Un Abrazo was provided as a community health outreach service in the metro area of a mid-sized city in the southwestern United States. In the state, a third of Hispanic working-age adults are without insurance coverage [18]. More than a third (39%) of Hispanics have less than a high school education [19]. Given their lack of health care coverage and low educational attainment, Hispanics in the state are considered to be at risk for being medically underserved [20]. In the south and west sections of the city where this work was concentrated, over 60% of the population is Hispanic (Mexican-American). The work was carried out during 2010 in partnership with a federally qualified community health center that primarily serves low-income and underserved populations and where 70,000 patients access services annually.
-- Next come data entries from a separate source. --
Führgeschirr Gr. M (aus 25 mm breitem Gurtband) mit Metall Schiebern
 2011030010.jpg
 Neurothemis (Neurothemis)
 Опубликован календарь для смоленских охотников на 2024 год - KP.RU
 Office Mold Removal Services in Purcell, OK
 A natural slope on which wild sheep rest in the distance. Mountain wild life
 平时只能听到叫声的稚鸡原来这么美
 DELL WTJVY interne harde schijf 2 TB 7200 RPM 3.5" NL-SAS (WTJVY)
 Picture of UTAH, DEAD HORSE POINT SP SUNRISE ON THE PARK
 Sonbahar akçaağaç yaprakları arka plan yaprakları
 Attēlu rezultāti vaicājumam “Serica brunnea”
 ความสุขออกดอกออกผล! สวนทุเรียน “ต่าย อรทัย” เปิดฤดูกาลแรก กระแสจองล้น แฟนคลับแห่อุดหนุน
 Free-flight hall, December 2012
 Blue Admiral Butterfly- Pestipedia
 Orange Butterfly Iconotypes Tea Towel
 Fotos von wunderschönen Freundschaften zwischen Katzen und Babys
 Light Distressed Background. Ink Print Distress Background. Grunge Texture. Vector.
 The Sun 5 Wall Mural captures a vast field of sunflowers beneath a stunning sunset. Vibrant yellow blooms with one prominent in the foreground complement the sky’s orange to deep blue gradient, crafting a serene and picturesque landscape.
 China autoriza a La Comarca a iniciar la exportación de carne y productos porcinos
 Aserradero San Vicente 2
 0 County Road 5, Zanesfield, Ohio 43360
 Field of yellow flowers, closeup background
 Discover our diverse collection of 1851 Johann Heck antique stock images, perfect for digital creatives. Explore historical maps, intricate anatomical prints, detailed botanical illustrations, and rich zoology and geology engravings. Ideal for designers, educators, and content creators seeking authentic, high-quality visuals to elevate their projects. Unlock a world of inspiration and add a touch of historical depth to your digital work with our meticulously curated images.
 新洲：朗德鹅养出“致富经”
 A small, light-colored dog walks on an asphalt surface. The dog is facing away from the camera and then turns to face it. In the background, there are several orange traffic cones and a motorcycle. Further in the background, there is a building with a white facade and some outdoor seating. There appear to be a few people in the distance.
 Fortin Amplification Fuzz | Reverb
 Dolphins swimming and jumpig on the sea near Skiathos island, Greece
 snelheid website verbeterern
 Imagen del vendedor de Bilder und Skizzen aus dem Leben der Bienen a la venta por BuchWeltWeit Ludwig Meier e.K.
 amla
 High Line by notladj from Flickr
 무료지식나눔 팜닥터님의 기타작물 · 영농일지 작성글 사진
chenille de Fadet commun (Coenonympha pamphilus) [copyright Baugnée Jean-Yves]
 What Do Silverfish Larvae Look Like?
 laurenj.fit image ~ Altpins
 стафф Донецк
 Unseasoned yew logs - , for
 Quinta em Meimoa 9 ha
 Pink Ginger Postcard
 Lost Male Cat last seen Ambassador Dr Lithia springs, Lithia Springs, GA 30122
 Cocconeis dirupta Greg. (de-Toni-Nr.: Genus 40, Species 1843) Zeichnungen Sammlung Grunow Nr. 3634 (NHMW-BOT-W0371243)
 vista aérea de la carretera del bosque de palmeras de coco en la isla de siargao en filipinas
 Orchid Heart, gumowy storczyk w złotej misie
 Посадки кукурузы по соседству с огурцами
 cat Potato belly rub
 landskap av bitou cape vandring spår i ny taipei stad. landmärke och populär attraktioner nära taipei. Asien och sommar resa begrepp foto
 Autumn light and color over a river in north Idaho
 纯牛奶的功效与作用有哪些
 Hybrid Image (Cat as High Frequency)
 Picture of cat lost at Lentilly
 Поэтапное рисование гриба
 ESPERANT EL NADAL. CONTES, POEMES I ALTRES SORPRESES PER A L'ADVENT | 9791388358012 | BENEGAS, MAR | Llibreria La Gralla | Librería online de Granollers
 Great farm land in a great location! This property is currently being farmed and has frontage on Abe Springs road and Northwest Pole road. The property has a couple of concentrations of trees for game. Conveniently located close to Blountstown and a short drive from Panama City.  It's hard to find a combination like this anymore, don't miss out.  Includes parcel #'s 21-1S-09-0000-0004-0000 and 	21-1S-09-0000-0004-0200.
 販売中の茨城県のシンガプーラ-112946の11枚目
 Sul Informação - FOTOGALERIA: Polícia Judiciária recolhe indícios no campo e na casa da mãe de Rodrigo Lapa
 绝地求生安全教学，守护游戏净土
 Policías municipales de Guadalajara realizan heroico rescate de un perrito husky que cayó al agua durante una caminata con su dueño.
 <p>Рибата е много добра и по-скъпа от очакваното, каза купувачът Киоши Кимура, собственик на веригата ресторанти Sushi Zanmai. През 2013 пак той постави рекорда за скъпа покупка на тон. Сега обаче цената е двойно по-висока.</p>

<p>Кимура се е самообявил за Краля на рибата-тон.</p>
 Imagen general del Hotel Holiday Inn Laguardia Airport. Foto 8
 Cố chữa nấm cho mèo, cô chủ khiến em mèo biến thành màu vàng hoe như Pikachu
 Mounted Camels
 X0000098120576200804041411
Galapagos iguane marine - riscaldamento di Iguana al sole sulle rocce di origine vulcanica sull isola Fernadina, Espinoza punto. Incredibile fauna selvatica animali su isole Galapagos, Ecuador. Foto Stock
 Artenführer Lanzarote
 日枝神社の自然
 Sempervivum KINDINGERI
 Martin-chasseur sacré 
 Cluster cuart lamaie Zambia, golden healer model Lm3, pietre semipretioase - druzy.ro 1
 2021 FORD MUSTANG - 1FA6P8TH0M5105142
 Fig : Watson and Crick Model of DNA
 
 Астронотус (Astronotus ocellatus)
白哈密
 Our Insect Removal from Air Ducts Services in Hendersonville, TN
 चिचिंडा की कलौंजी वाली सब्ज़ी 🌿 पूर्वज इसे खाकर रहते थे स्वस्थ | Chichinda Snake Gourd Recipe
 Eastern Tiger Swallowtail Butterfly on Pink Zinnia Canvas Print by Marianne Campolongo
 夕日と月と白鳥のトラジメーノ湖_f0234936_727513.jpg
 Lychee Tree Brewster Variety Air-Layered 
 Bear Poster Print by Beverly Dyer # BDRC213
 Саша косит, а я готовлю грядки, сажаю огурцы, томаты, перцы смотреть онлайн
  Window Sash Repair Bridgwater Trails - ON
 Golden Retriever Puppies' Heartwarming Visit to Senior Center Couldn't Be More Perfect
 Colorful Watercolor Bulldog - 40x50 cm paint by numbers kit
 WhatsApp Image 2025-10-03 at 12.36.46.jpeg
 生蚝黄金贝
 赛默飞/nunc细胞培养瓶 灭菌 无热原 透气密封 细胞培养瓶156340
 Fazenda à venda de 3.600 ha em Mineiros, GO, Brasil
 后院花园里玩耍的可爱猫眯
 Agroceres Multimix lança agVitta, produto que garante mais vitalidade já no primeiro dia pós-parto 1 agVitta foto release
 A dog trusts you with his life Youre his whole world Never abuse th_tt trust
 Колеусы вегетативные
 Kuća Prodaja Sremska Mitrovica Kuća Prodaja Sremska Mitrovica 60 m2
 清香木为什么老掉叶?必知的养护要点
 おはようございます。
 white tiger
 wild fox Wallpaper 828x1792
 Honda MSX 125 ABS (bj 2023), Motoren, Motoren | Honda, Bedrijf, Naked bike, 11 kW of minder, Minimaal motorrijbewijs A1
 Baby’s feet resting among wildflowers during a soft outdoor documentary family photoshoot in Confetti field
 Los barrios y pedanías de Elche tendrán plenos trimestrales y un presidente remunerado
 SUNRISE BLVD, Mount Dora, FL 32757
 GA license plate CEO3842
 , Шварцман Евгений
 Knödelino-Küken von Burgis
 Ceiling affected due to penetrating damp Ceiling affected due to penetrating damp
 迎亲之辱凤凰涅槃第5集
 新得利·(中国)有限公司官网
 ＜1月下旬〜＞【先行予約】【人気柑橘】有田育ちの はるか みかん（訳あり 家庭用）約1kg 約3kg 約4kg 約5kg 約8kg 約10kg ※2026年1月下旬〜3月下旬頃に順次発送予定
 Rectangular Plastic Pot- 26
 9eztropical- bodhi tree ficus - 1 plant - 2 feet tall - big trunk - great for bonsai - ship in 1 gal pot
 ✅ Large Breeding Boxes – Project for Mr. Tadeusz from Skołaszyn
Community members were advised of the program through the outreach efforts of a promotora [community health worker] employed by the partner community health center. The promotora distributed program flyers in both English and Spanish to local oncology service providers and at health fairs, by visiting community health and parent support programs at public schools, by networking with other promotoras, and on Spanish community radio.

Participants

Although eligibility requirements for the Un Abrazo classes included being either survivors or co-survivors of breast cancer and being age 18 or older, the majority of participants, 83% (n=60), were co-survivors. The data reported here refer to these 60 participant co-survivors. The vast majority of the co-survivors were women (96.7%, n = 58). All reported being Hispanic. Preferences of spoken and written language were for Spanish over English (both above 83%). Age ranged from 25 to 69 (Mdn = 38, SD = 8.68). The majority were married (73%). In terms of education, 40% of the participants reported having completed less than a high school education. The median and mode number of years of education completed was 12 (SD = 3.65), with a range of 2 to 17 years. Half of the individuals reporting having some form of health insurance, while the other half said that they did not have health insurance. The majority (n = 44, 73.3%) used financial support such as food stamps. Most participants reported being unemployed (54.2%), followed by being a housewife (16.9%), working part-time (15.3%), or working full-time (13.6%).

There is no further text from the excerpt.